For Kikkan Randall, a cross-country skiing world champion, working out in the off-season is about far more than sliding across the snow, The Wall Street Journal reported.

Randall spends spring and summer trying to build the explosive strength her grueling event requires. "I take a couple of weeks off and go to Hawaii, and do some biking while I'm there," she says. "But by May 1, I start training."

Randall, the world sprint champion for the 2011-12 season, is a major star in Northern Europe, where cross-country skiing is one of the most popular sports. In the U.S., it's something of an afterthought, even back home in Alaska, where she spends most of her off-season.

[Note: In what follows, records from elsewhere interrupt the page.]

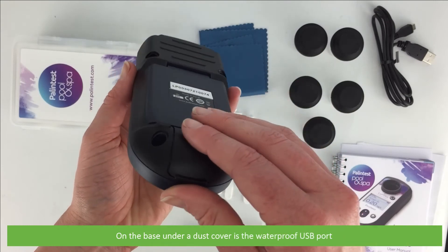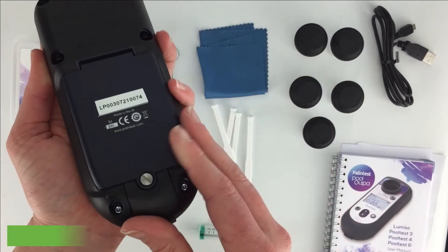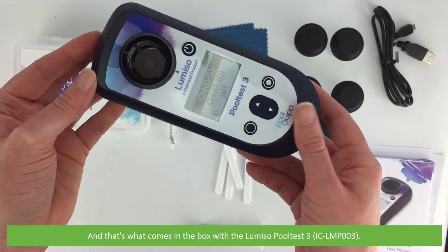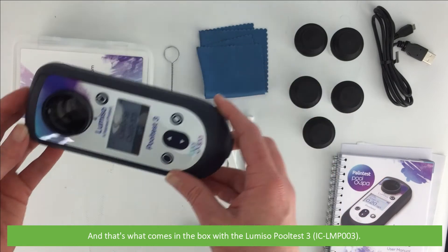On the base, under a dust cover, is the waterproof USB port, and on the back is the battery compartment. And that's what comes in the box with the Lomsio Pool Test 3, the IC LMP003.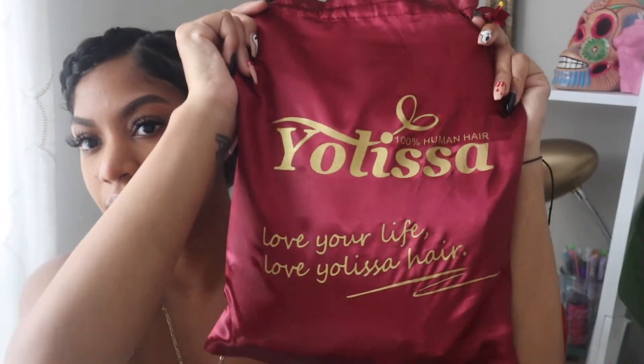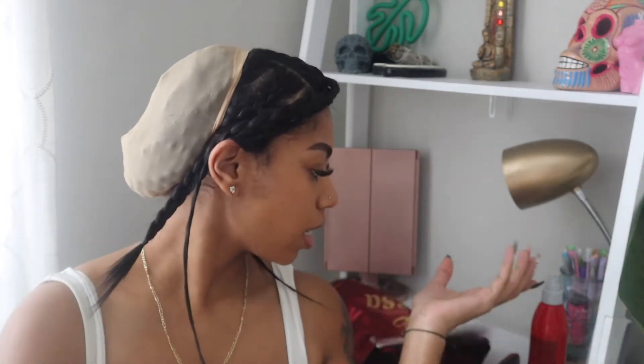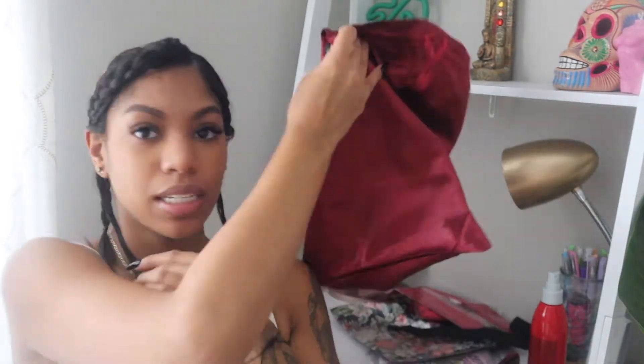This hair is from Yolissa Hair. It is a YouPart wig, 22 inches. It comes with four wig caps, a scarf, two headbands, another scarf, and an elastic band — which you don't need for this since it's a YouPart, but for frontals and closures these come in really handy when you want to melt your wig. I love when companies include those.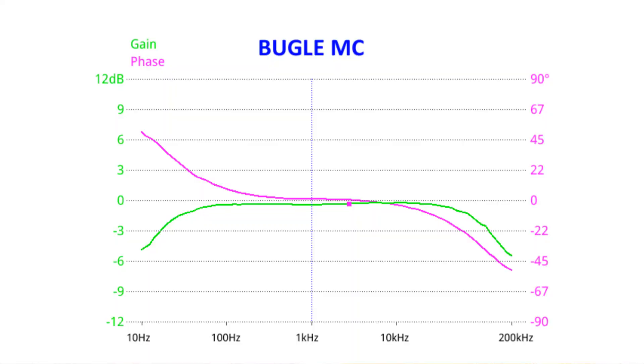Here's the response from my Bugle phono stage. It's got a very flat frequency response — it rolls off at 15 hertz and is good to 100 kilohertz plus, flat to within about 0.5 dB. Do I need 0.001 dB accuracy? Not really. If you look at any frequency response from a headphone or speaker, the response is all over the place on a 1 dB per division scale. So 0.001 dB from a phono stage really isn't going to help you, because you're going to have to live with your speaker in the end.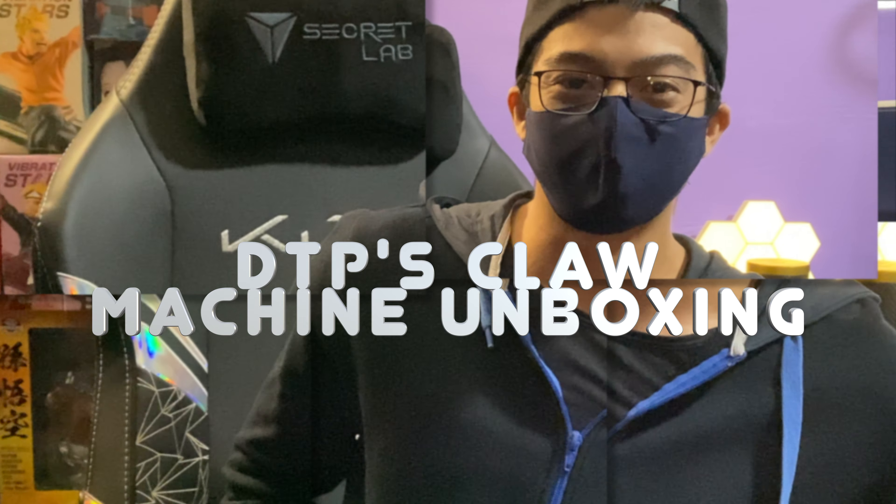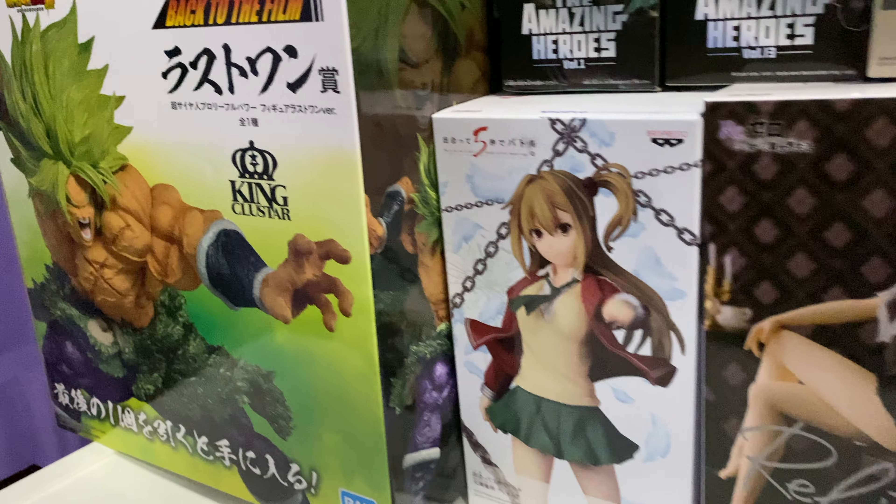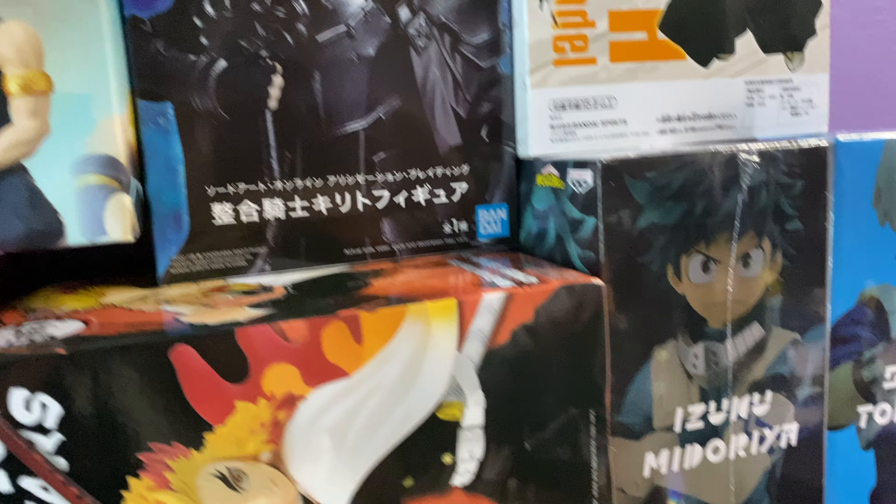Hi guys, welcome to Claw Machine Unboxing, Episode 4. We will be unboxing prizes from Claw Machines, picked by this magic ticket box. Do leave a like and subscribe, comment down below what we should add in. Let's go!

Her regimen is a brutal, six- (sometimes seven) day-a-week mix of roller skiing, biking, running and strength training. Pull-ups are a fairly unpleasant experience for most humans, but the ones Randall does resemble a form of medieval torture. She straps on a belt with a chain dangling from it and attaches a 60-pound weight to it. Or she'll pull herself up with such power that she is able to clap her hands above the bar and then grab it to slowly lower herself. Eight is her record.

"There's nothing that makes you feel more hard core than strapping on a belt and attaching a big weight to it," she said.

Randall does two workouts each day. She trains with a private cross-country skiing club at Alaska Pacific University. She meets the team at 8:30 each morning for what is usually a 2½-hour workout on roller skis. Once a week, the team has a session that lasts as long as four hours and can include runs of 12 to 15 miles on mountainous terrain.

During the regular session, Ms. Randall and her teammates spend the morning skiing intervals up and down the area's hills. They will often cover more than 25 miles in a morning with ease, though the distance varies depending on whether the team is working on endurance or speed.

Speed work requires interval training, which can be multiple one-minute bursts of sprinting with little rest in between.